Team handel - voorzieningenrechter
zaak- / rolnummer: C/09/616410 / KG ZA 21/770
Vonnis in kort geding van 16 november 2021
in de zaak van
V.O.F. [eiseres] Loodgieters- en Installatiebedrijfte ’[plaats 1],
eiseres,
advocaten mrs. V.T. Acar en N. Haireche te Rotterdam,
tegen:
Nzmd Holding B.V.te Den Haag,
gedaagde,
advocaten mrs.
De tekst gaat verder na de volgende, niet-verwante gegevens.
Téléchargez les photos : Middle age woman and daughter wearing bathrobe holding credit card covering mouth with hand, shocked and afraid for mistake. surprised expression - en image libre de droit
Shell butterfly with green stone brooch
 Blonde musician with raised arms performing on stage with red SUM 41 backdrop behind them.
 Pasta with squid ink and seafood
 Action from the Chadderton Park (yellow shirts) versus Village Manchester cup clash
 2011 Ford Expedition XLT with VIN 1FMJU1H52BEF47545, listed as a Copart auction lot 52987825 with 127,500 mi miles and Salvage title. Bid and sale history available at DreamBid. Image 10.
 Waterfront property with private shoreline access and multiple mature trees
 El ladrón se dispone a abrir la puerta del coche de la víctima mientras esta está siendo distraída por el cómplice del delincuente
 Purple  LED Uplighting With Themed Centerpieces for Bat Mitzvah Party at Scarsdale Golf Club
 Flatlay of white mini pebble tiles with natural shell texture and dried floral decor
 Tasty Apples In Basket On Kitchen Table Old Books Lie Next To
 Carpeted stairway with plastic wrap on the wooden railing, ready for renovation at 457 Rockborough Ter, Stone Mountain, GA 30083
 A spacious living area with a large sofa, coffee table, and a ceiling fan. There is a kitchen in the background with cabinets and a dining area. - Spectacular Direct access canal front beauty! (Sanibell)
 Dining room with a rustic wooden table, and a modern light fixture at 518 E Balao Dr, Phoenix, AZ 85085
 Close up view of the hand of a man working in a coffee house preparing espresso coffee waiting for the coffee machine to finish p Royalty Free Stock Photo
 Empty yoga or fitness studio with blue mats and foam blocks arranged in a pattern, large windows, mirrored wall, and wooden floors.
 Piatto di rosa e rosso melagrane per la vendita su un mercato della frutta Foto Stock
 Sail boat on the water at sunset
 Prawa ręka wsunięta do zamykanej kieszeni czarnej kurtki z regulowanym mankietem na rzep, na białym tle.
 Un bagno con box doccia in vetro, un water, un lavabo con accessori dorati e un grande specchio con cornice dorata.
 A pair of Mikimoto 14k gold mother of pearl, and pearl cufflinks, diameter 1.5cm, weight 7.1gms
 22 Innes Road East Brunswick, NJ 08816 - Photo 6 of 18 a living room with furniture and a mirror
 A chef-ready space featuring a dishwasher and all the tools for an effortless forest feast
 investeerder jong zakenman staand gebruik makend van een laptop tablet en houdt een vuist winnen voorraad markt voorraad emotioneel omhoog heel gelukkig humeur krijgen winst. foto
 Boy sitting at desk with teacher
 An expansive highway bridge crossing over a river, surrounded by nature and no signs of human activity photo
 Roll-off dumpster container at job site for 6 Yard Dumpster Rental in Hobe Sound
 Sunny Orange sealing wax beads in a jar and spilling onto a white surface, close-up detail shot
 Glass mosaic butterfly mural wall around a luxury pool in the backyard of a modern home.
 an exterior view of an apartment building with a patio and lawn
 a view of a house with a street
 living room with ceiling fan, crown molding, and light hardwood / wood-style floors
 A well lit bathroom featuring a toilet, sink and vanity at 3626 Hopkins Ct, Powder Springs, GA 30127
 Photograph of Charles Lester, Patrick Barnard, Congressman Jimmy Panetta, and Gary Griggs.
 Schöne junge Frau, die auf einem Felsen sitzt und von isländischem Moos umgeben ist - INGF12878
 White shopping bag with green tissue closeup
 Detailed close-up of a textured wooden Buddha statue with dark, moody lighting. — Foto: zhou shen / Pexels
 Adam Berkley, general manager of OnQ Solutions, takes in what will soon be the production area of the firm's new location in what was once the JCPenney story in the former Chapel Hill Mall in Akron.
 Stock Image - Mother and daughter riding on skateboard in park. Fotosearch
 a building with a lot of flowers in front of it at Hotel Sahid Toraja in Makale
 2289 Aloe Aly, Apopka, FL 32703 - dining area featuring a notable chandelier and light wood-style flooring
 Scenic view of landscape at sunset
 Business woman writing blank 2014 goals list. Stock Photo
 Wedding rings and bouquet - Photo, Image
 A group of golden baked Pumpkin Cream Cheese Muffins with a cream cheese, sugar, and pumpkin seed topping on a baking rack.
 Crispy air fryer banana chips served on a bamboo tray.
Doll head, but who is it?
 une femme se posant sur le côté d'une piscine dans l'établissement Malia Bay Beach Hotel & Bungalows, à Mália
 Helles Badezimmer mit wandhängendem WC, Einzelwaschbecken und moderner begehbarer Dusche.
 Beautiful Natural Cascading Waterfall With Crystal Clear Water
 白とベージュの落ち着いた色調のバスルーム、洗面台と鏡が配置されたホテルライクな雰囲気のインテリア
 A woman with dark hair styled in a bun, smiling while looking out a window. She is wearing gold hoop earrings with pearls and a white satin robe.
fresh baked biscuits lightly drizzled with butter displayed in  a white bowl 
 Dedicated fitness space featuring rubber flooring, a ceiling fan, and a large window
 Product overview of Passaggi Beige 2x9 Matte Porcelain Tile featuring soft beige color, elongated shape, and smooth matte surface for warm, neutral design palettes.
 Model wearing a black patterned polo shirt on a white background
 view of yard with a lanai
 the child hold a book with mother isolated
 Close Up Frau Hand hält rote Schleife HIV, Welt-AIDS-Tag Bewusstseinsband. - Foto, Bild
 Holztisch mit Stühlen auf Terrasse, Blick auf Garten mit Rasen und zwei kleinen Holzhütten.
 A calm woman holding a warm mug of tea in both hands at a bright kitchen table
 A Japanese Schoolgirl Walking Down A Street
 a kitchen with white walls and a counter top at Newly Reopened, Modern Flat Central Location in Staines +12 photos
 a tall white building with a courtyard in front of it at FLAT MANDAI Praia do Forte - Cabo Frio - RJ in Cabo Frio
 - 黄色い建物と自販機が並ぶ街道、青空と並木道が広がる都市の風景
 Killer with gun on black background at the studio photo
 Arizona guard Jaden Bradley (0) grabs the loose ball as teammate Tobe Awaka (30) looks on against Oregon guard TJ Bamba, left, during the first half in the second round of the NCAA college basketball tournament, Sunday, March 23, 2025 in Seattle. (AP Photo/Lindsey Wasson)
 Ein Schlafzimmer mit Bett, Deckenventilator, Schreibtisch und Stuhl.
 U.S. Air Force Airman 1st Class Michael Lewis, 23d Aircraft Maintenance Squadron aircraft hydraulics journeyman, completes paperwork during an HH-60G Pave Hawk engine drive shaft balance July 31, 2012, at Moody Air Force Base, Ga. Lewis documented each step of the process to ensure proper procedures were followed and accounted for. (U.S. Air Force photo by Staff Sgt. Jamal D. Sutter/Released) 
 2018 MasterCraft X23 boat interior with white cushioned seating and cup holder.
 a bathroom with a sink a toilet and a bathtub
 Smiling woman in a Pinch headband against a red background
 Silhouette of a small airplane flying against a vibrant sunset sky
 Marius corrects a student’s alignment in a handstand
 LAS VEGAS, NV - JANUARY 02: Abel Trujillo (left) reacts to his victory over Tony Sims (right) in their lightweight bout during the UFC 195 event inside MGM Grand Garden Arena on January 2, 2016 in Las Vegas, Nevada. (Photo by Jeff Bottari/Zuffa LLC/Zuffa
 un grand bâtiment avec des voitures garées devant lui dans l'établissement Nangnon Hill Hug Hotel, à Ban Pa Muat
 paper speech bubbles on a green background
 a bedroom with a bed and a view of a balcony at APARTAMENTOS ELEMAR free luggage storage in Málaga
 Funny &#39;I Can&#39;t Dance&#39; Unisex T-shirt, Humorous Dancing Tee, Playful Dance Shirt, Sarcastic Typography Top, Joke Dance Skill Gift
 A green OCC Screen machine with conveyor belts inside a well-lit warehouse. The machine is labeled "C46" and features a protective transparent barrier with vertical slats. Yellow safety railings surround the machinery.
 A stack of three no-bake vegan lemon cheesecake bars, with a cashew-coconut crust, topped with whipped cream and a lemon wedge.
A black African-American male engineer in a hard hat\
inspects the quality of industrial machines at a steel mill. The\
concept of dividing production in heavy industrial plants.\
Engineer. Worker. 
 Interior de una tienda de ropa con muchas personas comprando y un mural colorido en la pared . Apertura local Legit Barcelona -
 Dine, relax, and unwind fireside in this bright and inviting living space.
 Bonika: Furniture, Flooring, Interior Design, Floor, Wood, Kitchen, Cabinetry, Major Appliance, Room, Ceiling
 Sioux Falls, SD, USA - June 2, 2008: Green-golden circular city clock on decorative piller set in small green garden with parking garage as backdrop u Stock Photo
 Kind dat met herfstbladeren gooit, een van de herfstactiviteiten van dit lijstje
A. de Vries en F. Beeren te Amsterdam.
Partijen worden hierna respectievelijk aangeduid als ‘[eiseres]’ en ‘Nzmd’.

1.De procedure

1.1.
Het verloop van de procedure blijkt uit:
- de dagvaarding met producties;
- de conclusie van antwoord met producties;
- de op 26 oktober 2021 gehouden mondelinge behandeling, waarbij door beide partijen pleitnotities zijn overgelegd.
1.2.
Ter zitting is vonnis bepaald op heden.

2.De feiten

Op grond van de stukken en het verhandelde ter zitting wordt in dit geding van het volgende uitgegaan.
2.1.
In april 2016 is door de toenmalige eigenaar van de bedrijfsruimte/werkplaats, gelegen aan de [adres] te ([postcode]) [plaats 2] (hierna: het gehuurde), het gehuurde te koop aangeboden aan [eiseres] voor een bedrag van € 40.000,-. Omdat [eiseres] financieel niet in staat was dat aanbod te accepteren, zijn partijen overeengekomen dat Nzdm het gehuurde zou kopen voor dat bedrag (waarmee de eigenaar van het gehuurde heeft ingestemd), dat Nzdm het gehuurde vervolgens zou verhuren aan [eiseres] en [eiseres] in de gelegenheid zou stellen het gehuurde op een later moment alsnog te kopen.
2.2.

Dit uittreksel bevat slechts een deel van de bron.